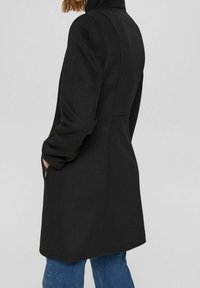 Manteau en mélange de laine noire avec une silhouette ajustée, un col haut et des poches latérales zippées. La surface texturée et la finition douce ajoutent de la profondeur.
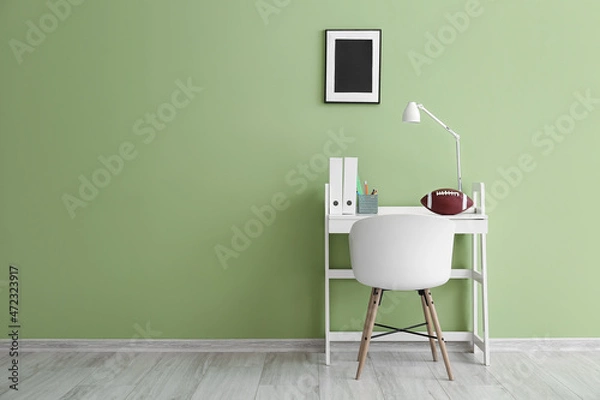 Fototapeta Modern workplace with folders and rugby ball near green wall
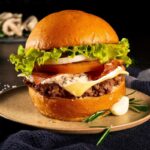 Hamburguesa Pereza: la mejor hamburguesa con salsa cremosa de champiñones y especias, tocineta, queso mozzarella, carne, pan a base de papa y vegetales frescos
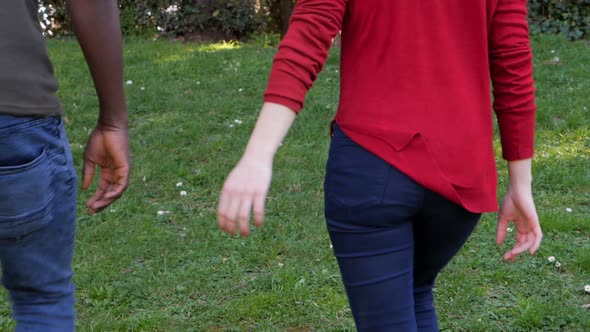 Young interracial lovers holding hands in the park.Mixed race love concept alt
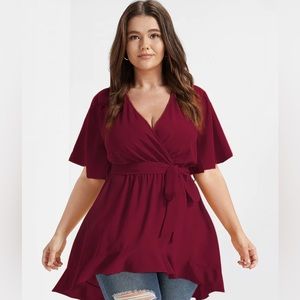 Bloomchic Solid Belted Asymmetrical Hem Flutter Wrap Blouse in Burgundy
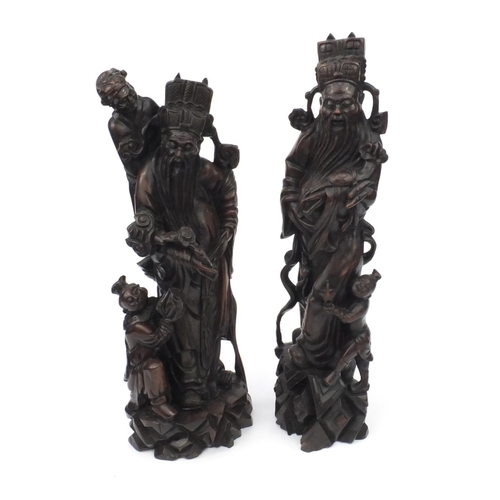 551 - Large pair of Chinese carved root figures, both of elders with children, the tallest 62cm high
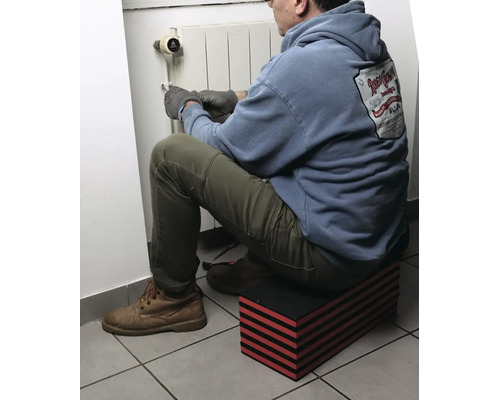 Mann sitzt auf einer rot-schwarz gestreiften modularen Knie- und Sitzmatte bei der Arbeit an einem Heizkörper.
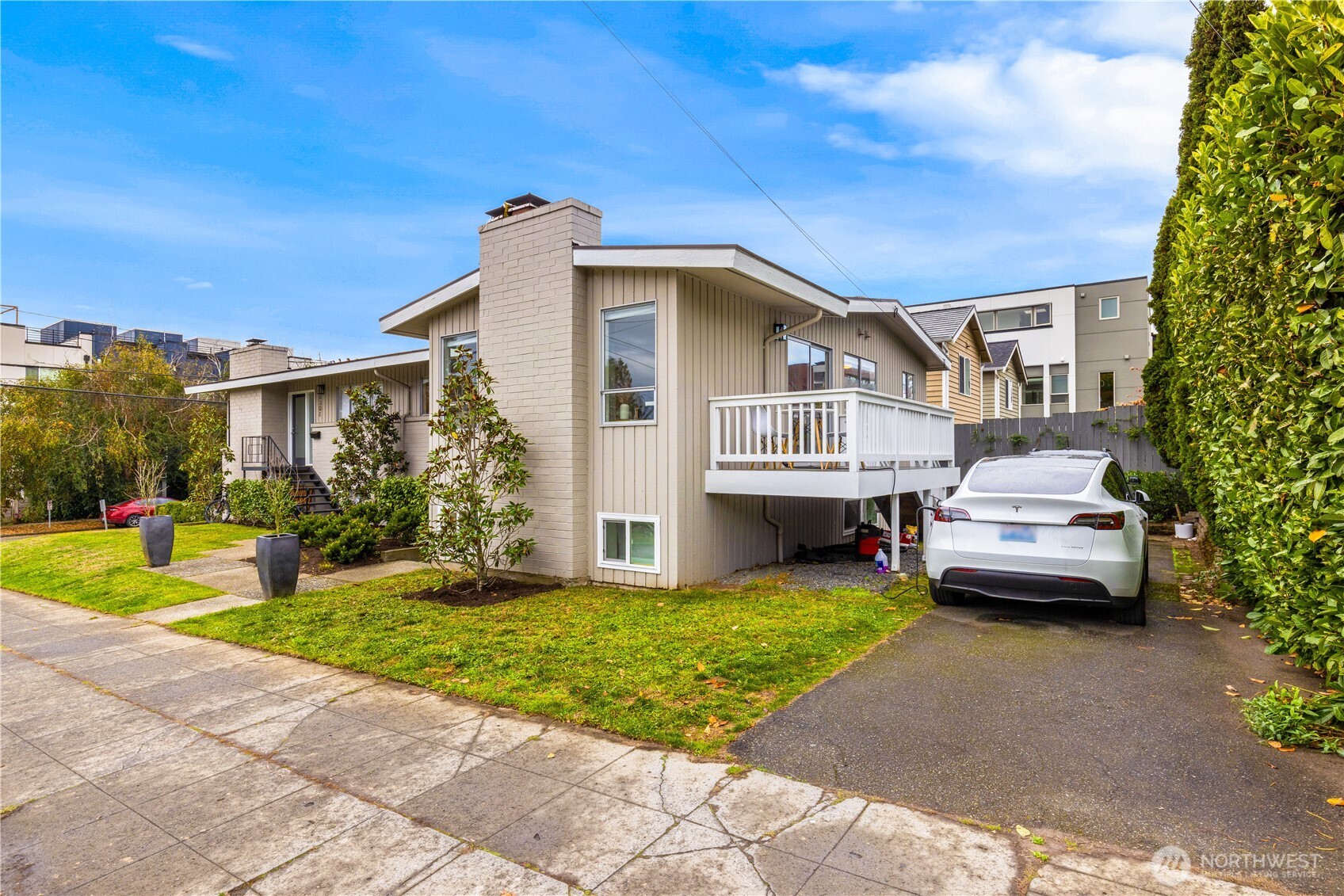 6301 22nd Avenue Northwest Seattle, WA 98107 - Photo 3 of 19 a front view of a house with a garden and yard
◇ ◇ ◇ ◇
--- ABOUT THIS EXERCISE ---
Write out exactly the stretch of lines that begins with the line containing "Fototapeta Modern workplace" and ends with the last line of the records above, leaving out the pictures.

--- REPLY TO THE TASK ---
 Fototapeta Modern workplace with folders and rugby ball near green wall
 Hamburguesa Pereza: la mejor hamburguesa con salsa cremosa de champiñones y especias, tocineta, queso mozzarella, carne, pan a base de papa y vegetales frescos
 Young interracial lovers holding hands in the park.Mixed race love concept alt
 Bloomchic Solid Belted Asymmetrical Hem Flutter Wrap Blouse in Burgundy
 551 - Large pair of Chinese carved root figures, both of elders with children, the tallest 62cm high
 Mann sitzt auf einer rot-schwarz gestreiften modularen Knie- und Sitzmatte bei der Arbeit an einem Heizkörper.
 6301 22nd Avenue Northwest Seattle, WA 98107 - Photo 3 of 19 a front view of a house with a garden and yard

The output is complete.